“Ceramics is an inherently communal field. From lifting hundreds of pounds of clay to loading kilns, firing through the night, and commiserating over shards: we need each other.” — A-B Projects
Clay balls, thrown and caught during a workshop at Brickfield. Work by Foster Spragge.
I never liked ceramics at Uni. It just wasn’t a material I enjoyed working with, I found it too free and open with no set starting point. In fact in my first year I was given an E in the ceramics module. On the contrary I loved working with wood and was awarded the highest marks during the same term. The material made so much more sense to me, it had a grain, the starting point was a solid material and needed to be worked, turned, shaved, cut, sanded or carved. This felt like I had some rules to work with and some constraints that could then guide me towards the final shape.
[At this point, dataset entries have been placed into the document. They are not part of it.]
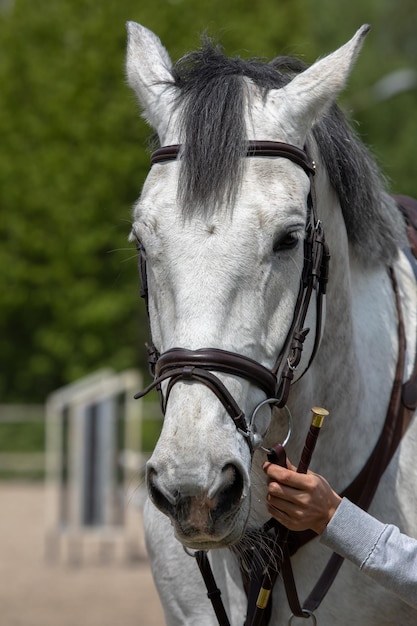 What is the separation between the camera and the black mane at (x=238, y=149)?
9.99 ft

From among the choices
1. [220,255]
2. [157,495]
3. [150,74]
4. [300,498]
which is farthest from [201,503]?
[150,74]

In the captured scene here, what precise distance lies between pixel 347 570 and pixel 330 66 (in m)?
1.49

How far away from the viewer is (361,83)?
29328 mm

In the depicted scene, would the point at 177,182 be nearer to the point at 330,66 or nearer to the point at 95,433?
the point at 330,66

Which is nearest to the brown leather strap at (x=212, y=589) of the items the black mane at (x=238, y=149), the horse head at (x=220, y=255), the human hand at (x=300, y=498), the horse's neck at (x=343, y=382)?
the horse's neck at (x=343, y=382)

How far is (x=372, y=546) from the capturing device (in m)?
3.00

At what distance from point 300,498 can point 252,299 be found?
0.53 m

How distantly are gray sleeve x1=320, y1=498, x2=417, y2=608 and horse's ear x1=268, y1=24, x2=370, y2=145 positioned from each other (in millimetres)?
1065

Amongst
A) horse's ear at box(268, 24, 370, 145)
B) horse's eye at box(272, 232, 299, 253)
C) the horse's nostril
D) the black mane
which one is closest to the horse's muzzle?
the horse's nostril

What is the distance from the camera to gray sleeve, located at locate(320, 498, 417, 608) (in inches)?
117

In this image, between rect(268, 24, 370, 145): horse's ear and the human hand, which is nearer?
the human hand

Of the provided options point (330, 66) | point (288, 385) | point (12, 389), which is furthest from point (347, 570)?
point (12, 389)

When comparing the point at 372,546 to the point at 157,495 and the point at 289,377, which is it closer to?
the point at 289,377

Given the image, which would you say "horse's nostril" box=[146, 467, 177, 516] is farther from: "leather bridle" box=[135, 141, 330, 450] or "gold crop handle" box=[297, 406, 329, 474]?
"gold crop handle" box=[297, 406, 329, 474] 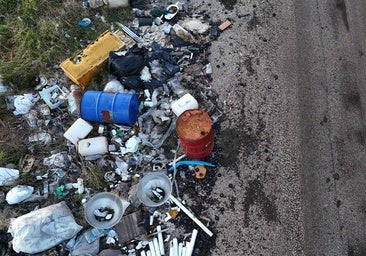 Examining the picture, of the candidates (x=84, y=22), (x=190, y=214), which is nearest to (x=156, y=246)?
(x=190, y=214)

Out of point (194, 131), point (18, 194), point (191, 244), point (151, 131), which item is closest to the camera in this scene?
point (191, 244)

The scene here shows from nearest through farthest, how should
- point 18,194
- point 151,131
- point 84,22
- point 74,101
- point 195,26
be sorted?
1. point 18,194
2. point 151,131
3. point 74,101
4. point 195,26
5. point 84,22

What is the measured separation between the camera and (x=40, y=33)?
6.66m

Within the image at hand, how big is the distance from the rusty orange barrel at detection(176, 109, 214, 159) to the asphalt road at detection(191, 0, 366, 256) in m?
0.56

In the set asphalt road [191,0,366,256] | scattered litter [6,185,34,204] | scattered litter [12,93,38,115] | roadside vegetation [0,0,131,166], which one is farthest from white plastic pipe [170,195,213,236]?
roadside vegetation [0,0,131,166]

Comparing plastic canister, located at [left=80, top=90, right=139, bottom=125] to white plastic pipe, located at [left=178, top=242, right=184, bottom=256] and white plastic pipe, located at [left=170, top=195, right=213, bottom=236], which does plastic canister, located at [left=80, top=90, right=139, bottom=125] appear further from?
white plastic pipe, located at [left=178, top=242, right=184, bottom=256]

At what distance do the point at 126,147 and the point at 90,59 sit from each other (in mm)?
1552

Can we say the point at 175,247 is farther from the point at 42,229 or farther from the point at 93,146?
the point at 93,146

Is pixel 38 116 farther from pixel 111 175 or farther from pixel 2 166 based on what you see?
pixel 111 175

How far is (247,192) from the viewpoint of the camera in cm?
531

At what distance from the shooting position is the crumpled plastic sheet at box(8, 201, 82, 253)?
4742 millimetres

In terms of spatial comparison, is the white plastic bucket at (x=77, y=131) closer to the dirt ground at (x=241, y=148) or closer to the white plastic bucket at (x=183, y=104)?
the dirt ground at (x=241, y=148)

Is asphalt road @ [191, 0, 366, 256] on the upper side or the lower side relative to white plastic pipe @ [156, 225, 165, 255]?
upper

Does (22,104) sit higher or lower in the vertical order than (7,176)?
higher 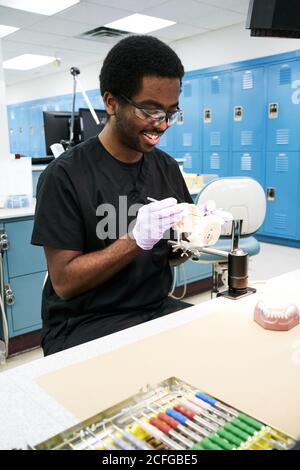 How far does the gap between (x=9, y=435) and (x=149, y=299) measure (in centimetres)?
69

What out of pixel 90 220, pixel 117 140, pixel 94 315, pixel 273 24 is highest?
pixel 273 24

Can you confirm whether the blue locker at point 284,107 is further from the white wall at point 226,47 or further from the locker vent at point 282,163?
the white wall at point 226,47

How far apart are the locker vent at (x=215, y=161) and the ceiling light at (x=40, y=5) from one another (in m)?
2.31

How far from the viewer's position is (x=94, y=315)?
117cm

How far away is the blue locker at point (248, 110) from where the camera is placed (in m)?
4.59

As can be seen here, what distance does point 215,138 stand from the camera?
203 inches

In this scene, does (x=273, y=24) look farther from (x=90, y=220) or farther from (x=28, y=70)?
(x=28, y=70)

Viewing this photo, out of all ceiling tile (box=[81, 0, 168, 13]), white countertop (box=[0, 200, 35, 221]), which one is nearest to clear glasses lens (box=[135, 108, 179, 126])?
white countertop (box=[0, 200, 35, 221])

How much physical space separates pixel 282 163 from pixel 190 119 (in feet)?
4.80

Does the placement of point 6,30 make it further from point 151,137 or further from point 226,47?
point 151,137

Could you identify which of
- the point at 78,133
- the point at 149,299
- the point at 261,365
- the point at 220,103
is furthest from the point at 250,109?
the point at 261,365

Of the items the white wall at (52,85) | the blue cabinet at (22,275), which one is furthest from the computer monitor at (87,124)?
Result: the white wall at (52,85)

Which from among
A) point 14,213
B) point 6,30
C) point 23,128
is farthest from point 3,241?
point 23,128

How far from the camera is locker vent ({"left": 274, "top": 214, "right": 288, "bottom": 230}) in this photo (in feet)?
14.9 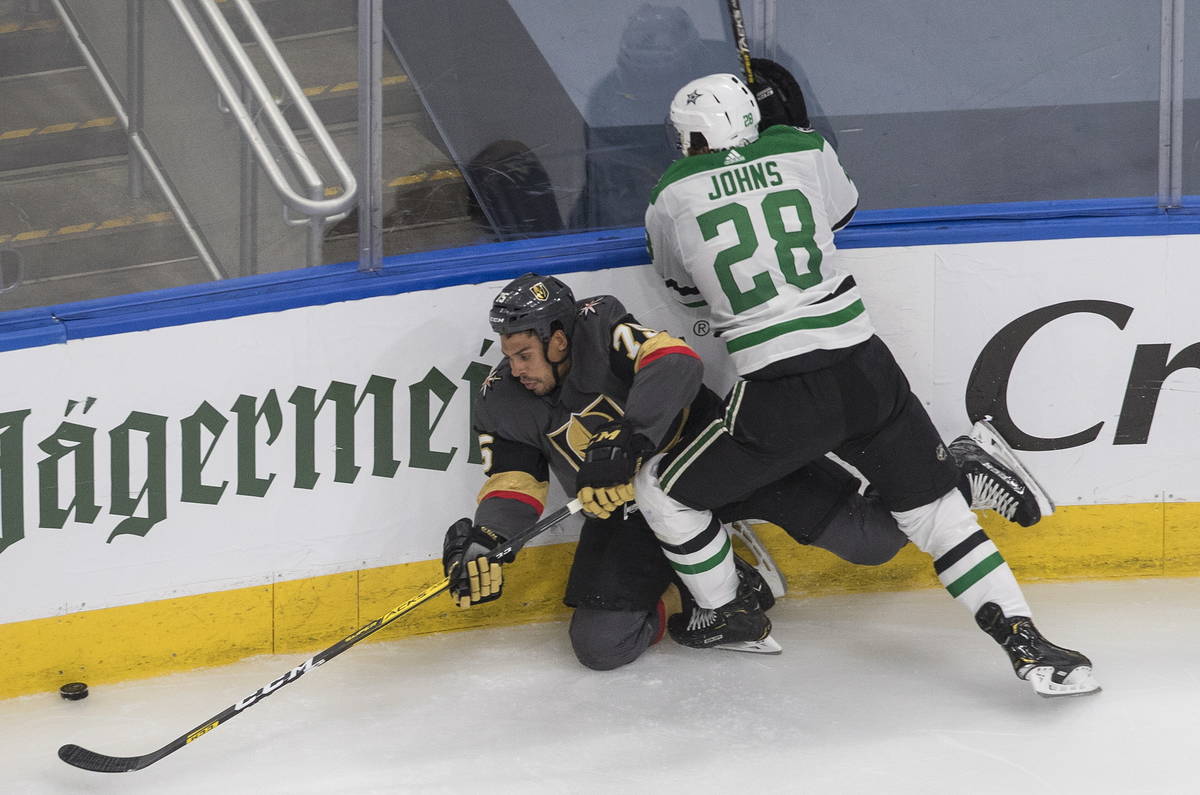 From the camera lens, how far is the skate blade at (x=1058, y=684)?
2.92 metres

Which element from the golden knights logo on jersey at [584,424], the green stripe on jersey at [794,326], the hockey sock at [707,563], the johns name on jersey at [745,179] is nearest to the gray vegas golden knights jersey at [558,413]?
the golden knights logo on jersey at [584,424]

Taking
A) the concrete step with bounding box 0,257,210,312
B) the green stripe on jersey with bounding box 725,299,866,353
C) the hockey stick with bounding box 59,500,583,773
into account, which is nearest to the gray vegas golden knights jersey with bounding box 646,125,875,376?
the green stripe on jersey with bounding box 725,299,866,353

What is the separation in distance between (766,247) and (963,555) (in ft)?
2.52

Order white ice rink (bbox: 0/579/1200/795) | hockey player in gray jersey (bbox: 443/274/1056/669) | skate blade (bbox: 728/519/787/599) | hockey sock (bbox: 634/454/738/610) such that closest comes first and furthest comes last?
white ice rink (bbox: 0/579/1200/795), hockey player in gray jersey (bbox: 443/274/1056/669), hockey sock (bbox: 634/454/738/610), skate blade (bbox: 728/519/787/599)

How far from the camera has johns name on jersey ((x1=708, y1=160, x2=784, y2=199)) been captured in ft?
9.95

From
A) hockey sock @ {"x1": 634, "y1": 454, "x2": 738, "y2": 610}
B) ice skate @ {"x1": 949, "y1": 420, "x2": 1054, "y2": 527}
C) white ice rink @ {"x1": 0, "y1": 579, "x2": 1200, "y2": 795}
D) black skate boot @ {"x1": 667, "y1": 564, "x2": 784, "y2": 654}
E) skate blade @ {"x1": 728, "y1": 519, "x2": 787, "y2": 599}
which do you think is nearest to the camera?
white ice rink @ {"x1": 0, "y1": 579, "x2": 1200, "y2": 795}

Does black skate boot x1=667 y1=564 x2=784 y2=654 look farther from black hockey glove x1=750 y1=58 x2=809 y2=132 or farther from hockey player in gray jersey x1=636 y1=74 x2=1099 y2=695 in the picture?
black hockey glove x1=750 y1=58 x2=809 y2=132

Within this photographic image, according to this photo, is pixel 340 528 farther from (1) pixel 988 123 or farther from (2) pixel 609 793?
(1) pixel 988 123

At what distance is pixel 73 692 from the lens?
3.05 metres

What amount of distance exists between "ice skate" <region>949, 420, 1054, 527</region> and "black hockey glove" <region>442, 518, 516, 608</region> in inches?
43.6

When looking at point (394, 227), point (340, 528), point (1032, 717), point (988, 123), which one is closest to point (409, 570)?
point (340, 528)

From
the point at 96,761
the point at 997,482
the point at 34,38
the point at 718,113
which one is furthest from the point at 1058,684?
the point at 34,38

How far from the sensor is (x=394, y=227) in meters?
3.30

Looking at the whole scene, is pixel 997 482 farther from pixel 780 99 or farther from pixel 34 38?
pixel 34 38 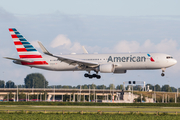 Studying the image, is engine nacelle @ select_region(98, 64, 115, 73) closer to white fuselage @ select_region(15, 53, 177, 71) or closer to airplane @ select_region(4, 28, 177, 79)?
airplane @ select_region(4, 28, 177, 79)

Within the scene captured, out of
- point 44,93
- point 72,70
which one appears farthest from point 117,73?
point 44,93

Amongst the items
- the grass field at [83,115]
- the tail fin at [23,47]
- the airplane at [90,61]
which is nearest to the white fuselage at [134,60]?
the airplane at [90,61]

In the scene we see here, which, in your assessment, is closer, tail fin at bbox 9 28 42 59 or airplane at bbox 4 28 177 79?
airplane at bbox 4 28 177 79

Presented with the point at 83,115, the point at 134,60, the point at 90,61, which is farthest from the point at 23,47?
the point at 83,115

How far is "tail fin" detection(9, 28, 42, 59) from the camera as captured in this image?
252 feet

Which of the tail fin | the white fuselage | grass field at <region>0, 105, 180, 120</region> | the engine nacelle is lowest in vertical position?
grass field at <region>0, 105, 180, 120</region>

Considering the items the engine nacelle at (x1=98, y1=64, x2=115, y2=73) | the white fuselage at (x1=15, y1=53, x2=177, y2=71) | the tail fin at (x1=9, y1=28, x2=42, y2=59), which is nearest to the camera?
the white fuselage at (x1=15, y1=53, x2=177, y2=71)

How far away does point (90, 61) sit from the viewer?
234ft

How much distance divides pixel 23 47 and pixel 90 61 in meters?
17.7

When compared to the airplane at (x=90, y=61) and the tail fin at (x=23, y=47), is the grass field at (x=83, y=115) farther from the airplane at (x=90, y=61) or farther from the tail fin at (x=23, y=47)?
the tail fin at (x=23, y=47)

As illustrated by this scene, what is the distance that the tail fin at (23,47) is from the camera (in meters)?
76.7

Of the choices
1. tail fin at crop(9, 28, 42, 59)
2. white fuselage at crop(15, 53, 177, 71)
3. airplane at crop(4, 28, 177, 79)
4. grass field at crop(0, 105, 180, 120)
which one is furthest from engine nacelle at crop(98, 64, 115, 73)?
tail fin at crop(9, 28, 42, 59)

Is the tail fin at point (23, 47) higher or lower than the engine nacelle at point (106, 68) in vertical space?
higher

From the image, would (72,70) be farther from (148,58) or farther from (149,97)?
(149,97) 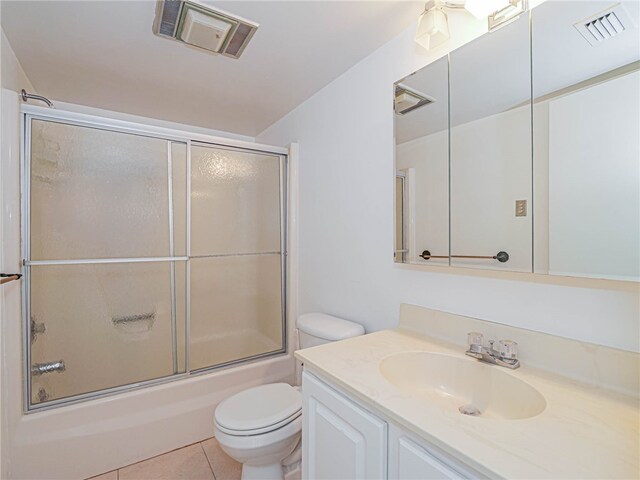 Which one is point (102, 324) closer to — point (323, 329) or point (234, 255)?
point (234, 255)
But in the past few years I’ve been getting more and more interested in working with clay. From bricks to tiles to raw unfired clay it seems to be the main thread running through my work for the past few years. That’s not to say I don’t still struggle with the material properties of this soft malleable material with seemingly endless iterations or endings. But there’s something else about clay which has been drawing me in.
Its connection to the land is so immediate, it can be sourced freely with just a scoop of the hand or can be eased from the ground with simple hand tools easy to stash in a backpack. It’s quiet and abundant and can be collected on a dog walk or during a late evening beach bbq, as I was shown recently by a friend and keen clay forager.
But what I love the most is that the material itself manifests as a connector between people. With a ball of cool soft clay in your hand it seems to have a magical ability to distract the mind and to open up conversation freely without judgement. That exact property that I found so frustrating when I was at Uni wanting to meticulously design my outcomes, is now something I see a freedom and ease within. Not because I have a particular desire to create sculpture but because over the past few years I’ve recognised how few people are actually given the opportunity or feel they have the agency to get hands on with a raw material straight from the earth.
And it’s those precise lack of rules or restrictions that make the material accessible to everyone from the smallest children to older adults who may have pain in the joints or difficulty with dexterity. It levels people, it allows people to endlessly shape their outcome and express their creativity. One of my favourite workshops I was invited to run this year was ‘Playing with Clay’ at Civic Square, where almost everyone was new to handling clay.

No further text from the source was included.